[Opensim-users] Banning "bad" viewers was Re: Can this be done?

[Karen Palen]

--- On Tue, 1/12/10, Adelle Fitzgerald <Adelle at DreamTechnologies.co.uk> wrote:

> The only way to stop 'bad'
> viewers is to create an iron mountain, which OpenSim is far
> far off being and until it has its own proprietary viewer, will
> probably stay that way (though ANY open source client poses a constant
> security threat to OpenSim, as does any open source simulator to the
> client).

OpenSim is not very secure because it is not designed to be an "iron mountain" and because it is still very much under development.

I take issue with the notion that open source viewers (or anything open source software) is inherently insecure however.

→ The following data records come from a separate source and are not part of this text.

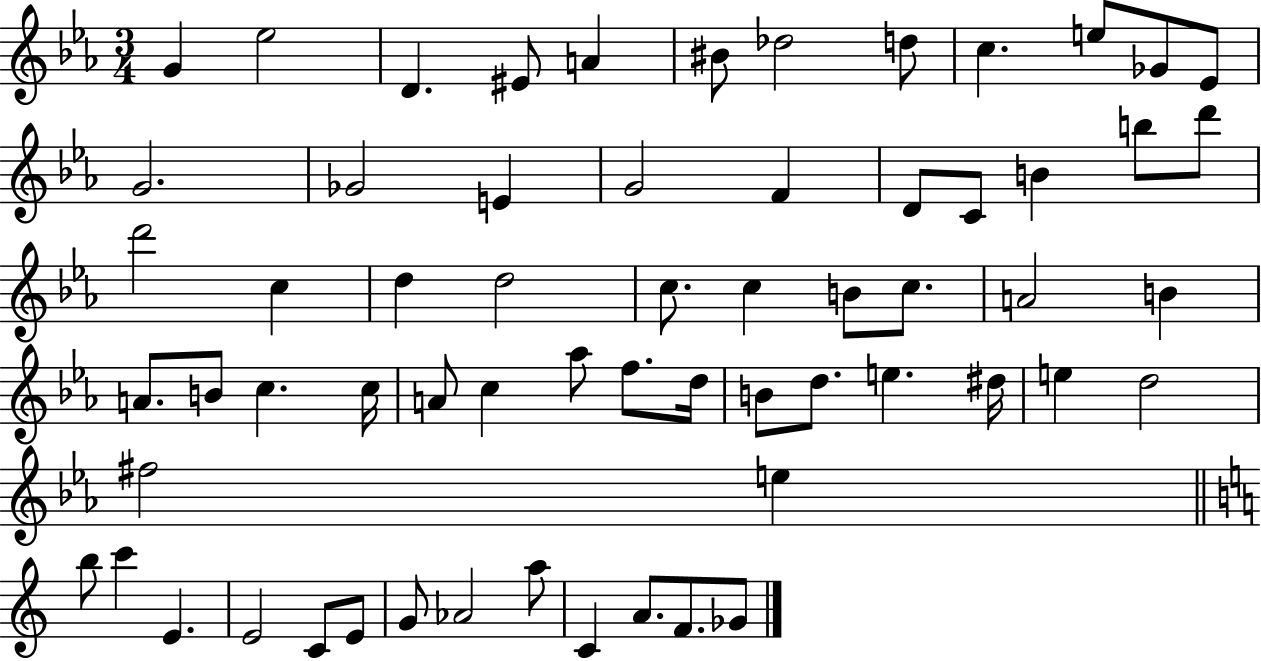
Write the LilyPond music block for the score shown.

{
  \clef treble
  \numericTimeSignature
  \time 3/4
  \key ees \major
  g'4 ees''2 | d'4. eis'8 a'4 | bis'8 des''2 d''8 | c''4. e''8 ges'8 ees'8 | \break g'2. | ges'2 e'4 | g'2 f'4 | d'8 c'8 b'4 b''8 d'''8 | \break d'''2 c''4 | d''4 d''2 | c''8. c''4 b'8 c''8. | a'2 b'4 | \break a'8. b'8 c''4. c''16 | a'8 c''4 aes''8 f''8. d''16 | b'8 d''8. e''4. dis''16 | e''4 d''2 | \break fis''2 e''4 | \bar "||" \break \key a \minor b''8 c'''4 e'4. | e'2 c'8 e'8 | g'8 aes'2 a''8 | c'4 a'8. f'8. ges'8 | \break \bar "|."
}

Probably the best example is to compare the Apache open source web servers with the Microsoft proprietary based servers. They have about an equal share of the market, yet almost all of the real life exploits and ALL of the successful virus/malware attacks happen on the Microsoft based system!

The same dichotomy carries over into the desktop versions of Linux and Windows although the market shares are different enough to provide some sort of explanation, at least in theory. In practice though one Windows virus/worm (Confliker) is currently infecting over 5 million machines while there are ZERO successful Linux viruses/worms. There have been some hilarious attempts though.

I am not trying to introduce the eternal "fanboy" flamewar here, but only to point out that OpenSource is far from insecure! Before I get 10K email flames about how Windows can be "secured" or some such, point out a successful virus or malware attack on either Linux or MAC OS.

I don't count "social engineering" of tricking someone into installing software that contains a "backdoor" or something - that is not a system problem but a user problem! As far as I know the most successful of even these only managed about 800 infections on MAC OSX.

> The best course of action, IMHO, is to backup. 

THAT is something we all agree about!

> If people are
> concerned about having their objects/assets stolen by
> people using 'bad'viewers then there really isn't a lot you 
> can do at the present time,
> except only invite people who you trust to your sims. On that note
> anyone trying to make money from selling objects/assets when connected
> to an open grid (i.e. not a walled garden) using OpenSim
> should be prepared for the worst, if they really are worth stealing,
> and that is something that plagues the Linden grid still to this day.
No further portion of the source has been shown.